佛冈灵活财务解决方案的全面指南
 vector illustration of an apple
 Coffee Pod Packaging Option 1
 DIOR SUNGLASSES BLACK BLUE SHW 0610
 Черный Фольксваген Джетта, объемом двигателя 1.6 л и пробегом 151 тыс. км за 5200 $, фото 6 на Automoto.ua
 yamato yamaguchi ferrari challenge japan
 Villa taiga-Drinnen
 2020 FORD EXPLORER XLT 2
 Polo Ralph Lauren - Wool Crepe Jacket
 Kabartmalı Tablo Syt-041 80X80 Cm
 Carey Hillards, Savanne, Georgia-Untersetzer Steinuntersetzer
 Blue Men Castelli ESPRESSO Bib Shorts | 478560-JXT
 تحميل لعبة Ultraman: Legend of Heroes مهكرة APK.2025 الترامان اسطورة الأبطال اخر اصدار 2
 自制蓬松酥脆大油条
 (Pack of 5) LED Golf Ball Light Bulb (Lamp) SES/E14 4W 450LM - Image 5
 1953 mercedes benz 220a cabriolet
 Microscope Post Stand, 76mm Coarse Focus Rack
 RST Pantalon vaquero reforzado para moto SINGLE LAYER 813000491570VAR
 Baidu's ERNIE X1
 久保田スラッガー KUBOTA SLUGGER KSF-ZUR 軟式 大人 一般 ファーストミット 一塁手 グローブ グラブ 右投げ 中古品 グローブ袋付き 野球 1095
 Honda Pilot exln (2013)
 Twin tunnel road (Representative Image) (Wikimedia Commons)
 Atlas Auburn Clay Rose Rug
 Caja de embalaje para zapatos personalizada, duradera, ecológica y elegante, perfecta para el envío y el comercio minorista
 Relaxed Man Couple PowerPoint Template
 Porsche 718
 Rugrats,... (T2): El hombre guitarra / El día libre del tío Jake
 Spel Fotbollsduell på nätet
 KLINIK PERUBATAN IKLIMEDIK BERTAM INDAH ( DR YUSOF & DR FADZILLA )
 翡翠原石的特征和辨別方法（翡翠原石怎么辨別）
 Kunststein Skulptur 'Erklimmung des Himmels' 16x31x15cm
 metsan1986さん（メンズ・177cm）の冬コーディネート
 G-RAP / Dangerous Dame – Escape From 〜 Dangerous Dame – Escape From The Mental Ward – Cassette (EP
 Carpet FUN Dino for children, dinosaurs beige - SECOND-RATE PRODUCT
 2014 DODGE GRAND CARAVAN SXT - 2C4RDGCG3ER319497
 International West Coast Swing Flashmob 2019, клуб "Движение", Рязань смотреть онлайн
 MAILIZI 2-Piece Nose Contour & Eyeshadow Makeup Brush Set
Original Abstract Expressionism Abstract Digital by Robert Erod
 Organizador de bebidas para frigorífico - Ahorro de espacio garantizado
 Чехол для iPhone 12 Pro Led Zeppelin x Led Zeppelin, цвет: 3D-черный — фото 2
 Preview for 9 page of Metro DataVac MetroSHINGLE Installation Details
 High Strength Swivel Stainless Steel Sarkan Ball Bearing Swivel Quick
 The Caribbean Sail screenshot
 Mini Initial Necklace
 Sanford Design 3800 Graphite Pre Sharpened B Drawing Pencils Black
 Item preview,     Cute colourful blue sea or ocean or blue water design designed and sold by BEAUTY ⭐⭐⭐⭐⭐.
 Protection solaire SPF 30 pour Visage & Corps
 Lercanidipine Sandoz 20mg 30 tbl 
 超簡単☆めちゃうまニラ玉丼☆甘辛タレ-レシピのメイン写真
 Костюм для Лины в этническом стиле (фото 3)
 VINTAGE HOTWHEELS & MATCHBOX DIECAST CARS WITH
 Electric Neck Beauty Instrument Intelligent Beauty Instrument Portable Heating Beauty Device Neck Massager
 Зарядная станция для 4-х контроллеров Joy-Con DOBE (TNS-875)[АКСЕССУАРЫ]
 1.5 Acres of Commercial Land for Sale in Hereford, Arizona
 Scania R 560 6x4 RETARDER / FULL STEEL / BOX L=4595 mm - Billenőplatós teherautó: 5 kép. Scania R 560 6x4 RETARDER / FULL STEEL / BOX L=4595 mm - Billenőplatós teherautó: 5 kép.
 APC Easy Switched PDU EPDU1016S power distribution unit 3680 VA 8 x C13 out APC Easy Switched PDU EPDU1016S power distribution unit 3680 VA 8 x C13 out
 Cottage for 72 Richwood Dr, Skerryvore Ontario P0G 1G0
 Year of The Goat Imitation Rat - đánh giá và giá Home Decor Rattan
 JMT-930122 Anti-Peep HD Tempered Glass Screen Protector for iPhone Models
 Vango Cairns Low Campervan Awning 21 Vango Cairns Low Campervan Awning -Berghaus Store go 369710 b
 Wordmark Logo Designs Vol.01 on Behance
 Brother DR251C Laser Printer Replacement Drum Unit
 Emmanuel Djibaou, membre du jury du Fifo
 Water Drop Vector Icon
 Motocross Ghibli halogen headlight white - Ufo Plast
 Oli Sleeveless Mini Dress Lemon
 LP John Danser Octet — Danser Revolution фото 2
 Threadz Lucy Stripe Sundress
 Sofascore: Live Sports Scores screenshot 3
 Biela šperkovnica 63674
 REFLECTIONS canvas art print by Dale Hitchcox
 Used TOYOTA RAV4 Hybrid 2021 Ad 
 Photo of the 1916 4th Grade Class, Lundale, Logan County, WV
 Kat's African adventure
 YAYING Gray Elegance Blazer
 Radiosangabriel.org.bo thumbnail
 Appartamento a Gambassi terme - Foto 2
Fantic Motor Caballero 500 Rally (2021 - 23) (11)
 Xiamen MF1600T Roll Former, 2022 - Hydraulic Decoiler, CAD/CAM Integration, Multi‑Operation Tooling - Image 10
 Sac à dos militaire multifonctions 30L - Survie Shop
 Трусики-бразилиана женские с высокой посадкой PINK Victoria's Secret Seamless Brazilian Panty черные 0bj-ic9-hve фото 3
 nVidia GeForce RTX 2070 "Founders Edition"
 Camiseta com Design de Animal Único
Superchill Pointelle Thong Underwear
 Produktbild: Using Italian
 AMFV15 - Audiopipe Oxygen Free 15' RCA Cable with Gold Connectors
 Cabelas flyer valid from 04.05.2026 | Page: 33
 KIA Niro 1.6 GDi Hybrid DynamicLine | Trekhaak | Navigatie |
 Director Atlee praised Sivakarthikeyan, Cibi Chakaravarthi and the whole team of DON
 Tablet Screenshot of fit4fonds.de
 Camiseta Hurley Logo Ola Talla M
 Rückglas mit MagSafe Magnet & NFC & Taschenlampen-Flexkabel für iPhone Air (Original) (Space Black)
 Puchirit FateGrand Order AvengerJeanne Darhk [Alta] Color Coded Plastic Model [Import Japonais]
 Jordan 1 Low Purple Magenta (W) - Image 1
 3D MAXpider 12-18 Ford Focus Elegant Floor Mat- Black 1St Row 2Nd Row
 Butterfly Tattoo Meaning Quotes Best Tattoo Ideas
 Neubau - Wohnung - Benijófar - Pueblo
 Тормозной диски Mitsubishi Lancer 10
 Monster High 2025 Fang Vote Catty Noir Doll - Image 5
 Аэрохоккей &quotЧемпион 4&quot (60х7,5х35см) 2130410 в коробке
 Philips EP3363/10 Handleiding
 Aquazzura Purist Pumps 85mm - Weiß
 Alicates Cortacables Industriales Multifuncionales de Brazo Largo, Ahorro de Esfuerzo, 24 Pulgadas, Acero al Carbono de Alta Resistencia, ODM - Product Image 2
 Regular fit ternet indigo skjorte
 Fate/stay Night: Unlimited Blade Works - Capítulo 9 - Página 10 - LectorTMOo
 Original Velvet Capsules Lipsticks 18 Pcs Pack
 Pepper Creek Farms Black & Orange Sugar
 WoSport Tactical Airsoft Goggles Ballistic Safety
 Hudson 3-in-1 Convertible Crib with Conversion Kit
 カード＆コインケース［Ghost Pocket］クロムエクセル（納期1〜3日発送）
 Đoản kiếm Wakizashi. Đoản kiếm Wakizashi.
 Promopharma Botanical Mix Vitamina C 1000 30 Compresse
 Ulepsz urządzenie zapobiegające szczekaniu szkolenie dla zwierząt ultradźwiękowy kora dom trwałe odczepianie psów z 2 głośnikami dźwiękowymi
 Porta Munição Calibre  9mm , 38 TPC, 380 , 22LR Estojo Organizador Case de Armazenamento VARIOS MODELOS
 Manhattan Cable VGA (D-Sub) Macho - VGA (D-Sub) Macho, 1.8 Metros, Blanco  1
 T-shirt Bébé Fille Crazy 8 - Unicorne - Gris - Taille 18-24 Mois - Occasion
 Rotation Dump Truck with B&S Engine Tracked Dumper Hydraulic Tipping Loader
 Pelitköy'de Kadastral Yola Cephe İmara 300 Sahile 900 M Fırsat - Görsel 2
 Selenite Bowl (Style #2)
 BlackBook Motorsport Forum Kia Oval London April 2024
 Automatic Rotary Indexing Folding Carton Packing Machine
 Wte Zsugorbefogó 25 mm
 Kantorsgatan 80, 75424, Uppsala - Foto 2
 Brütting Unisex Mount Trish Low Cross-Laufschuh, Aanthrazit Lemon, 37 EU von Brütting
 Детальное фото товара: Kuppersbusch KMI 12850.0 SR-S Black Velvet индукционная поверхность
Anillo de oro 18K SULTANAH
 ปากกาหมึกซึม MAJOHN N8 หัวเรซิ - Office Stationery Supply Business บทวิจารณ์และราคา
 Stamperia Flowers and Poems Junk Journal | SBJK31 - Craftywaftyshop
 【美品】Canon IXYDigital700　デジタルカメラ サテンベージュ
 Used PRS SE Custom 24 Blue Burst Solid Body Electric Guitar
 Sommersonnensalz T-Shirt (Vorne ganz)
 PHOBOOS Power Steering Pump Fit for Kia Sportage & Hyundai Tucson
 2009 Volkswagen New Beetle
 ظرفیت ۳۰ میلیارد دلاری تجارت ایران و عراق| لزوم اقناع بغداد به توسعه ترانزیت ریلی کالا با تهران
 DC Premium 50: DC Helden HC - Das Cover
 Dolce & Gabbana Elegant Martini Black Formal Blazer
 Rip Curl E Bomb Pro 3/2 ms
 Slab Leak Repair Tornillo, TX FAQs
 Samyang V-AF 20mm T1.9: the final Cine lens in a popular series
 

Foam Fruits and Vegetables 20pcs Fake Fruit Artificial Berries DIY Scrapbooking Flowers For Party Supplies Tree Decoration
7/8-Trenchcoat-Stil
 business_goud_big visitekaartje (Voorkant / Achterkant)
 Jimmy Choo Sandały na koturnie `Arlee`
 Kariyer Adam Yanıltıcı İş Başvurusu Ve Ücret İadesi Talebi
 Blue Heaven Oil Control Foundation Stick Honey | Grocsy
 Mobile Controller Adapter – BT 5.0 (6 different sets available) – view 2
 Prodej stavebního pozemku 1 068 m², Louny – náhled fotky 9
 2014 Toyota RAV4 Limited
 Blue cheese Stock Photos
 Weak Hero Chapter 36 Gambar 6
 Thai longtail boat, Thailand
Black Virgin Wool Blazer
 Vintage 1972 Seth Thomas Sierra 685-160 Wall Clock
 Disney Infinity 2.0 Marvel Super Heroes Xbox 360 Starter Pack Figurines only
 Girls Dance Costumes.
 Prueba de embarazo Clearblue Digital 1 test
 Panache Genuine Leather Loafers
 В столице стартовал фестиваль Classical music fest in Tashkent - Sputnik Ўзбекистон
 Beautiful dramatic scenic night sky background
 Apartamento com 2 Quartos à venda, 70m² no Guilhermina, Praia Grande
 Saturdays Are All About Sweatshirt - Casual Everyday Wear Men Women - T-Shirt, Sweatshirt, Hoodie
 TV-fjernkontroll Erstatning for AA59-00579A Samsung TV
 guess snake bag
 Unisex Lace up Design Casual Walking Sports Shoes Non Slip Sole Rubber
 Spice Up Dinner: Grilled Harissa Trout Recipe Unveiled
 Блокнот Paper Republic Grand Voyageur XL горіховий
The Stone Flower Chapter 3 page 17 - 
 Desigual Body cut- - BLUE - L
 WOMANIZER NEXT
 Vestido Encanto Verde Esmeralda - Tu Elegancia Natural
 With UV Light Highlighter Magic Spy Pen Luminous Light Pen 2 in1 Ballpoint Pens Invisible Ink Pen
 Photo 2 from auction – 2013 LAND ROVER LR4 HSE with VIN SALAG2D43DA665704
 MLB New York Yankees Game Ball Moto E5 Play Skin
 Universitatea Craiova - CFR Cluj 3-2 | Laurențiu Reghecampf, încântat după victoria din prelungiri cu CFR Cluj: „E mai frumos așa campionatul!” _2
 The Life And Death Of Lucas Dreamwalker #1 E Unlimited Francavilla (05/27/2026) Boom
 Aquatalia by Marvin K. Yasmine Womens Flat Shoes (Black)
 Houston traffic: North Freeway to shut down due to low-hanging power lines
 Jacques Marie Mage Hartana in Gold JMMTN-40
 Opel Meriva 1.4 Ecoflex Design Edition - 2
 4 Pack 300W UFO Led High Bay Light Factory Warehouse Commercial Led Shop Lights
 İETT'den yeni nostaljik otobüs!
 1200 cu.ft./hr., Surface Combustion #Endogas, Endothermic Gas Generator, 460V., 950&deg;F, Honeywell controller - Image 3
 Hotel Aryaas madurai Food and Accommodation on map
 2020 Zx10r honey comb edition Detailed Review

+ + + + + + +

=== Activity ===
Each line above from the one with "Promopharma Botanical Mix" up to and including the one with "Sommersonnensalz T-Shirt (Vorne ganz)" must be set down exactly, and no line outside that span may appear.

=== Response ===
 Promopharma Botanical Mix Vitamina C 1000 30 Compresse
 Ulepsz urządzenie zapobiegające szczekaniu szkolenie dla zwierząt ultradźwiękowy kora dom trwałe odczepianie psów z 2 głośnikami dźwiękowymi
 Porta Munição Calibre  9mm , 38 TPC, 380 , 22LR Estojo Organizador Case de Armazenamento VARIOS MODELOS
 Manhattan Cable VGA (D-Sub) Macho - VGA (D-Sub) Macho, 1.8 Metros, Blanco  1
 T-shirt Bébé Fille Crazy 8 - Unicorne - Gris - Taille 18-24 Mois - Occasion
 Rotation Dump Truck with B&S Engine Tracked Dumper Hydraulic Tipping Loader
 Pelitköy'de Kadastral Yola Cephe İmara 300 Sahile 900 M Fırsat - Görsel 2
 Selenite Bowl (Style #2)
 BlackBook Motorsport Forum Kia Oval London April 2024
 Automatic Rotary Indexing Folding Carton Packing Machine
 Wte Zsugorbefogó 25 mm
 Kantorsgatan 80, 75424, Uppsala - Foto 2
 Brütting Unisex Mount Trish Low Cross-Laufschuh, Aanthrazit Lemon, 37 EU von Brütting
 Детальное фото товара: Kuppersbusch KMI 12850.0 SR-S Black Velvet индукционная поверхность
Anillo de oro 18K SULTANAH
 ปากกาหมึกซึม MAJOHN N8 หัวเรซิ - Office Stationery Supply Business บทวิจารณ์และราคา
 Stamperia Flowers and Poems Junk Journal | SBJK31 - Craftywaftyshop
 【美品】Canon IXYDigital700　デジタルカメラ サテンベージュ
 Used PRS SE Custom 24 Blue Burst Solid Body Electric Guitar
 Sommersonnensalz T-Shirt (Vorne ganz)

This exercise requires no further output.